====== SOURCE INFORMATION

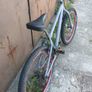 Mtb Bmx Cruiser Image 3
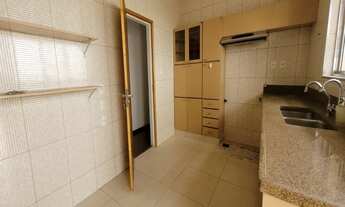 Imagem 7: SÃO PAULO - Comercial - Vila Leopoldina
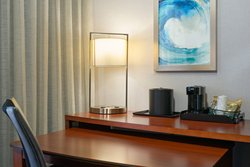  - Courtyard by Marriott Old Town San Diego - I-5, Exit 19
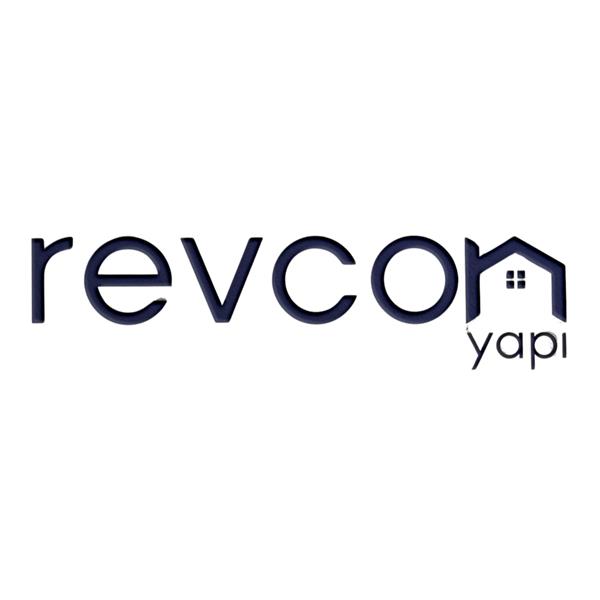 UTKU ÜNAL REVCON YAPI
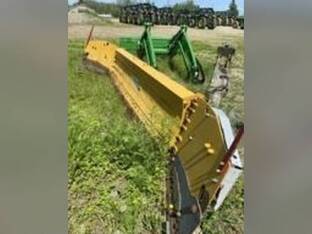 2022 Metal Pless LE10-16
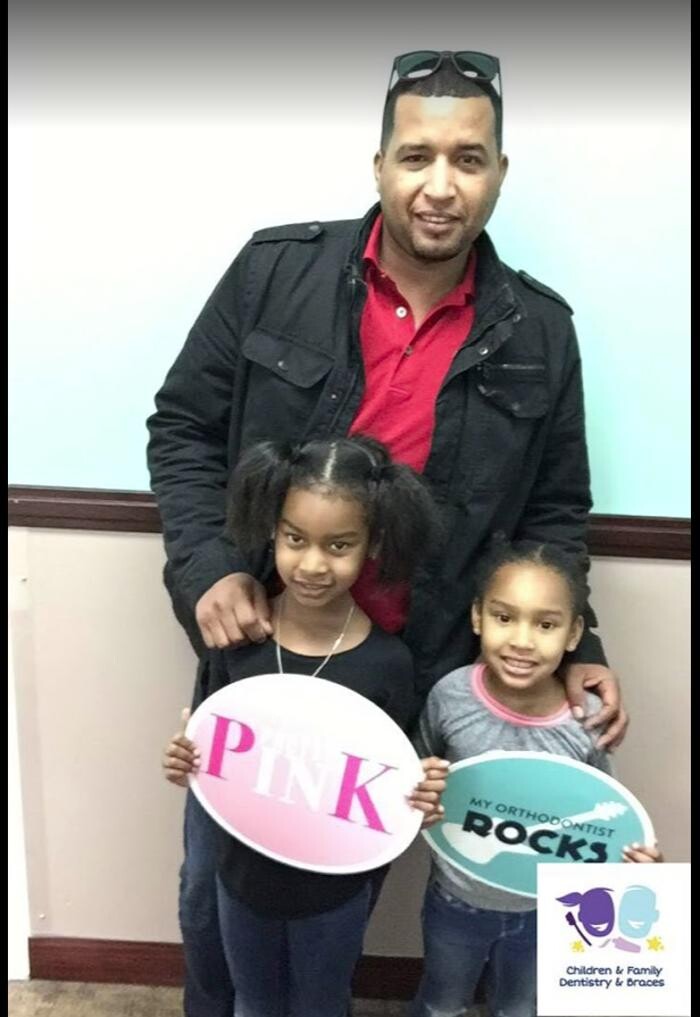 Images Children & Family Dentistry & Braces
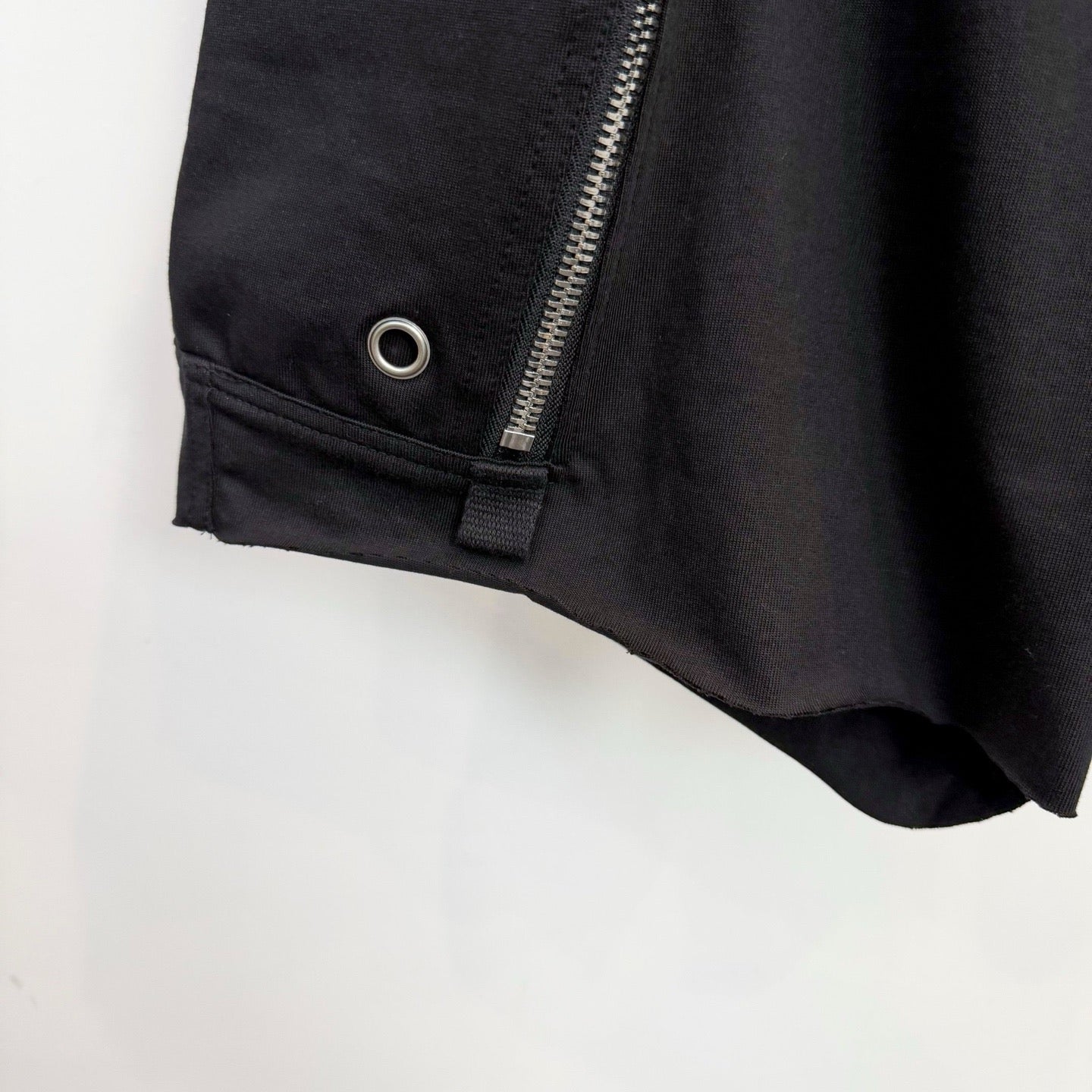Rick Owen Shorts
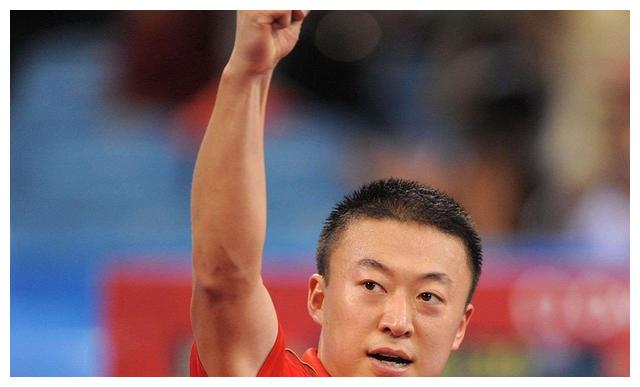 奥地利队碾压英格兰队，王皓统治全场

============
====== SOURCE INFORMATION

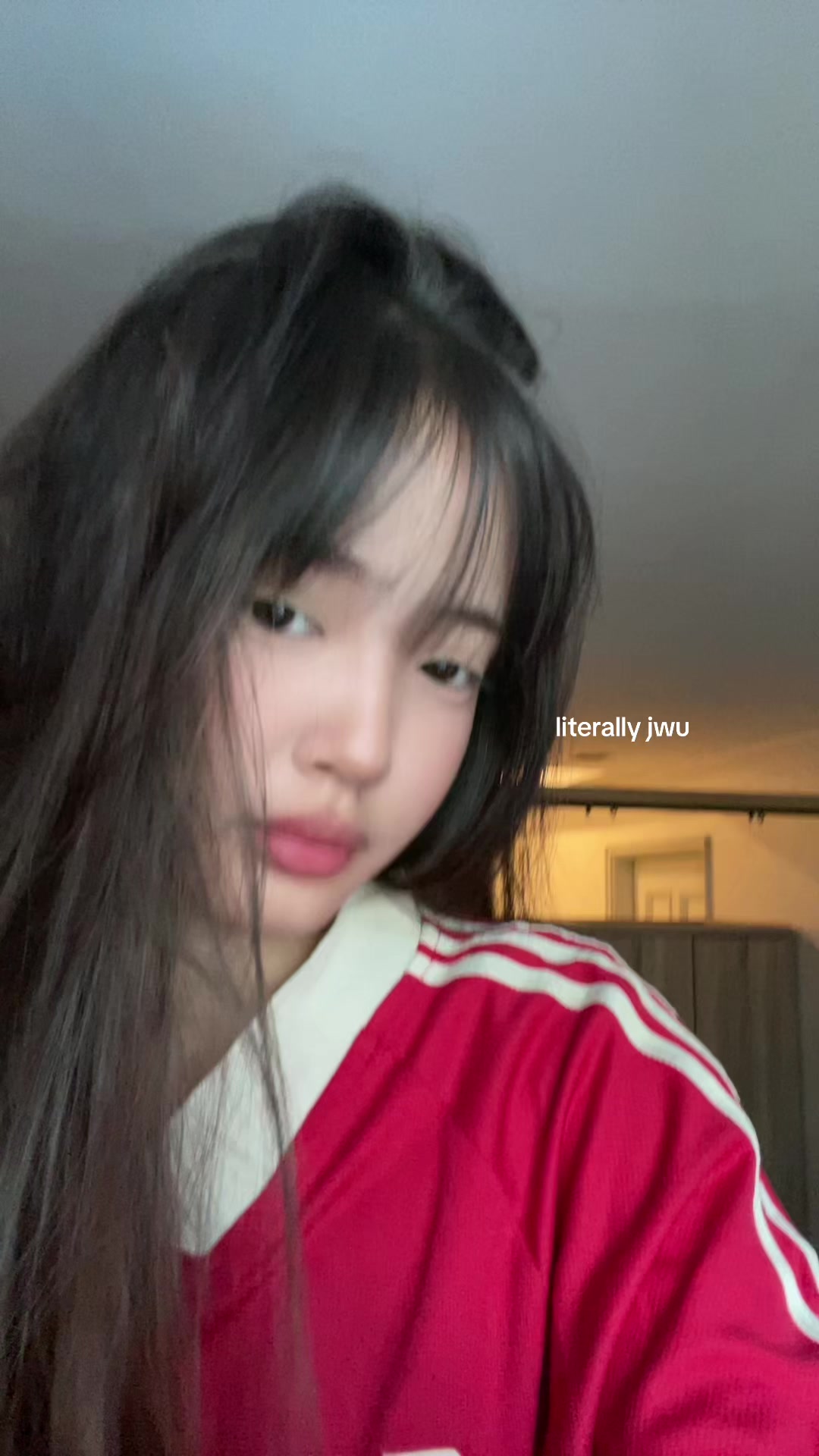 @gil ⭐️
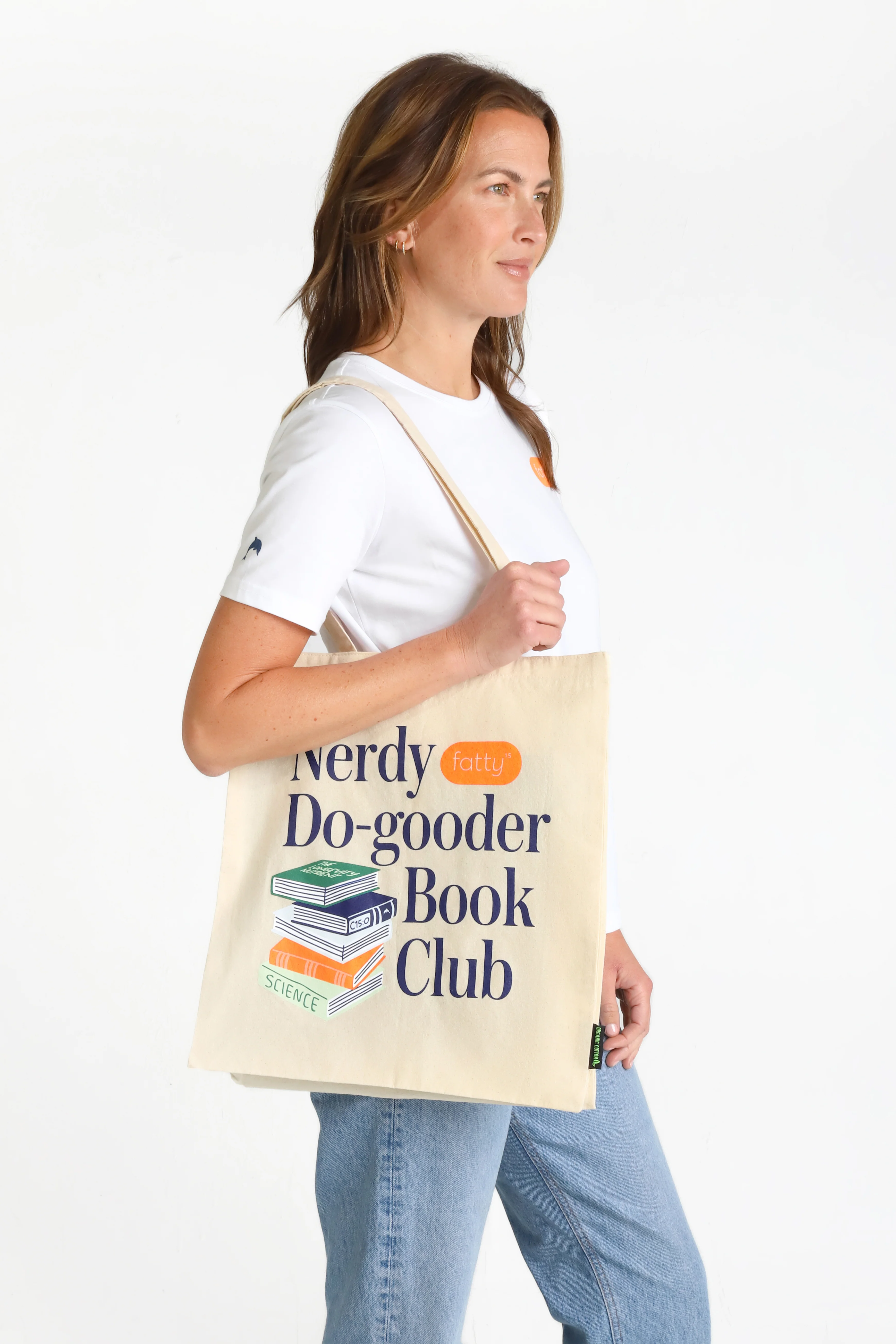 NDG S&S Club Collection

============

Above are some records; quote exactly and only the lines that begin at the line containing "- Courtyard by" and stop after the line containing "奥地利队碾压英格兰队，王皓统治全场", leaving out the pictures.

OUTPUT OF THE EXERCISE —
  - Courtyard by Marriott Old Town San Diego - I-5, Exit 19
 UTKU ÜNAL REVCON YAPI
 2022 Metal Pless LE10-16
 Images Children & Family Dentistry & Braces
Rick Owen Shorts
 奥地利队碾压英格兰队，王皓统治全场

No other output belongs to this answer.